| PROMPT |
Once the images are set aside, output the listing exactly as it stands.

| RECORDS SHOWN |
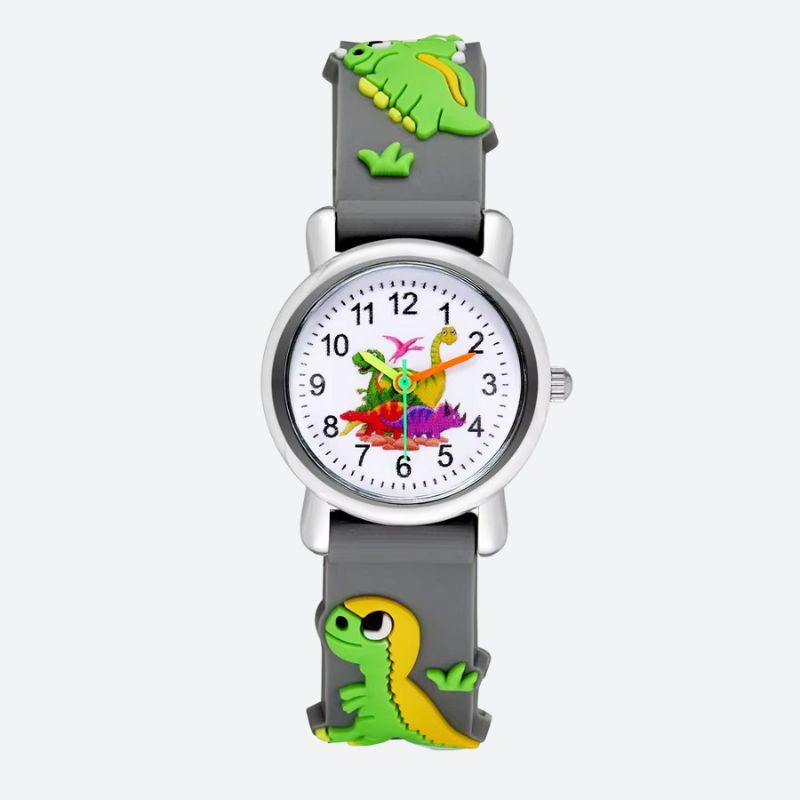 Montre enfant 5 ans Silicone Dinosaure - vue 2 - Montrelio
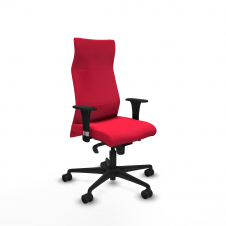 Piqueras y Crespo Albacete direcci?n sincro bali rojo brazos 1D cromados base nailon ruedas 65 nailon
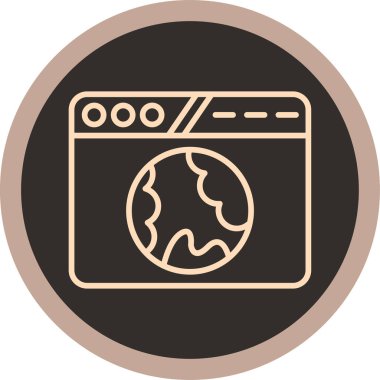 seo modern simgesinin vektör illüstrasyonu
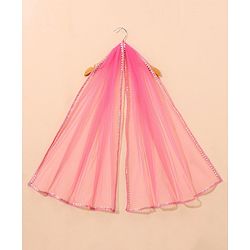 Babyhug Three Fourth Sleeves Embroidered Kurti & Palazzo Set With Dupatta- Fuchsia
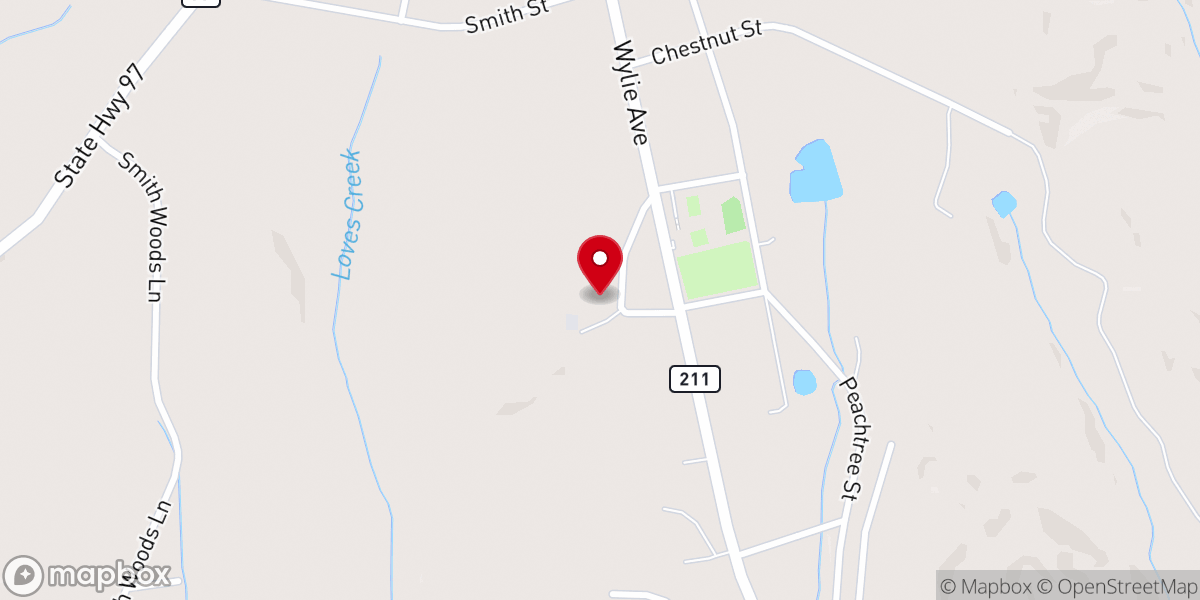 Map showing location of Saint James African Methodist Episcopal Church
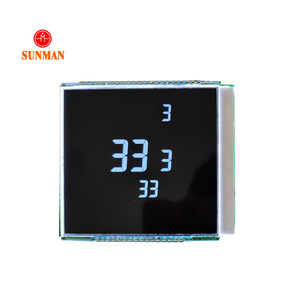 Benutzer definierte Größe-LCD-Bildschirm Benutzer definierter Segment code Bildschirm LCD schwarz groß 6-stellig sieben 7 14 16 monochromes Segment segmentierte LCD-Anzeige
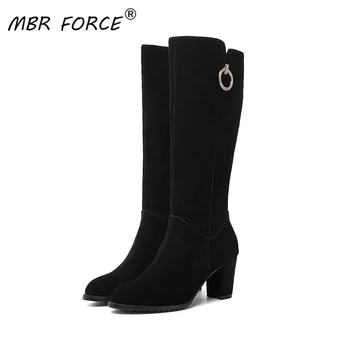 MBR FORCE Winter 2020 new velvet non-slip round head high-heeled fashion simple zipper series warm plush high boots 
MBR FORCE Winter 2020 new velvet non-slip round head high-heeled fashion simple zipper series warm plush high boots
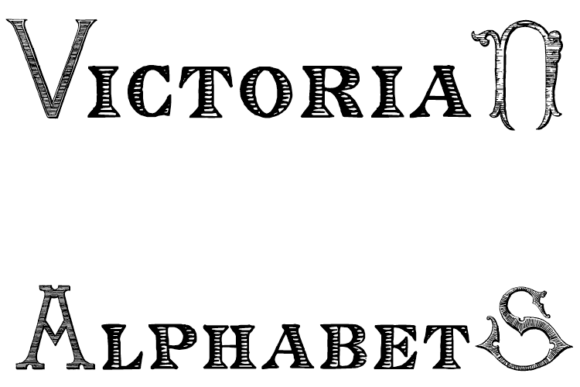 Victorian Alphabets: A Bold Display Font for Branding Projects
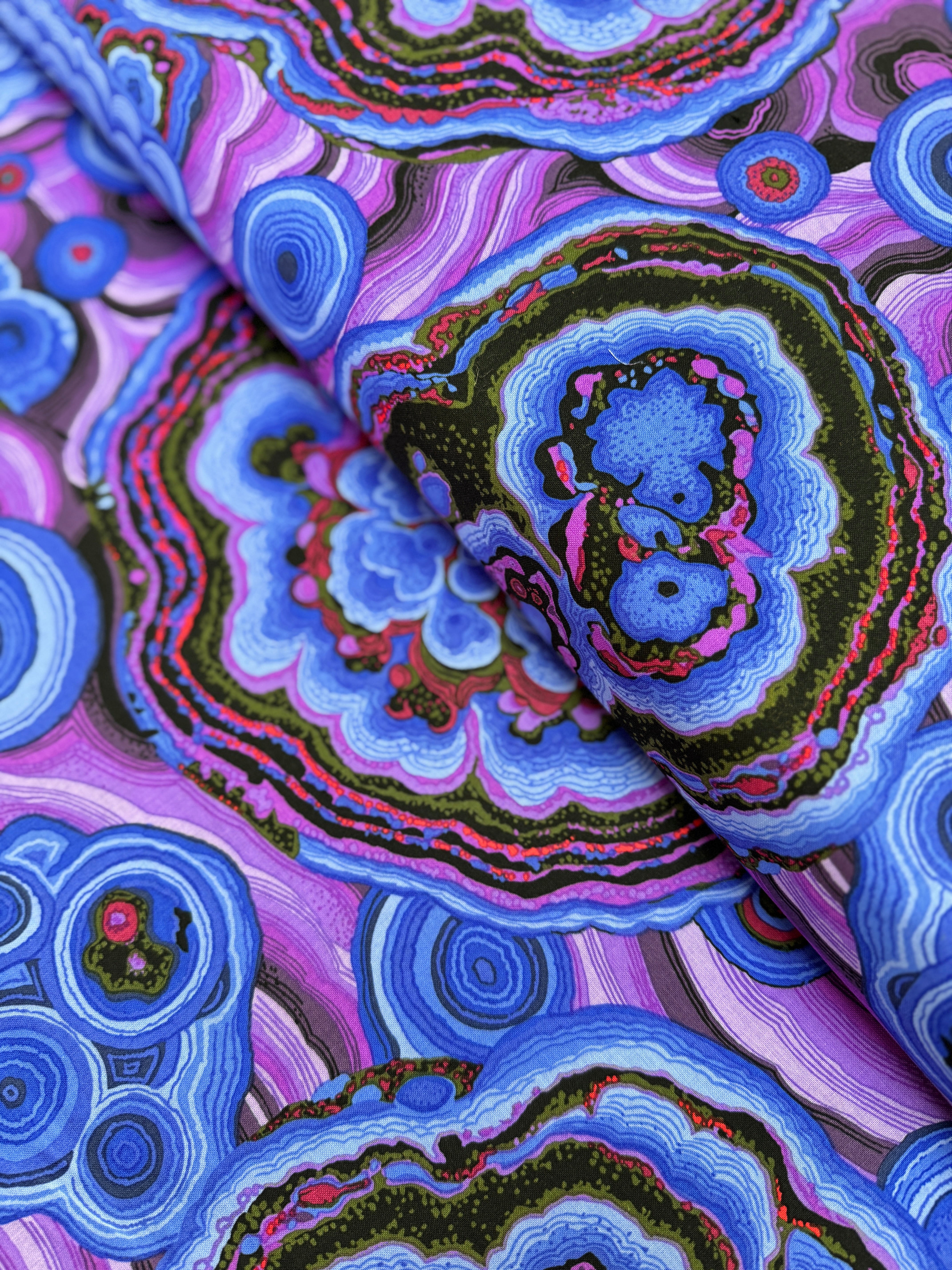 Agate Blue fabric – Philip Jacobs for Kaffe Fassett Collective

| RESPONSE TO THE EXERCISE |
 Montre enfant 5 ans Silicone Dinosaure - vue 2 - Montrelio
 Piqueras y Crespo Albacete direcci?n sincro bali rojo brazos 1D cromados base nailon ruedas 65 nailon
 seo modern simgesinin vektör illüstrasyonu
 Babyhug Three Fourth Sleeves Embroidered Kurti & Palazzo Set With Dupatta- Fuchsia
 Map showing location of Saint James African Methodist Episcopal Church
 Benutzer definierte Größe-LCD-Bildschirm Benutzer definierter Segment code Bildschirm LCD schwarz groß 6-stellig sieben 7 14 16 monochromes Segment segmentierte LCD-Anzeige
 MBR FORCE Winter 2020 new velvet non-slip round head high-heeled fashion simple zipper series warm plush high boots 
MBR FORCE Winter 2020 new velvet non-slip round head high-heeled fashion simple zipper series warm plush high boots
 Victorian Alphabets: A Bold Display Font for Branding Projects
 Agate Blue fabric – Philip Jacobs for Kaffe Fassett Collective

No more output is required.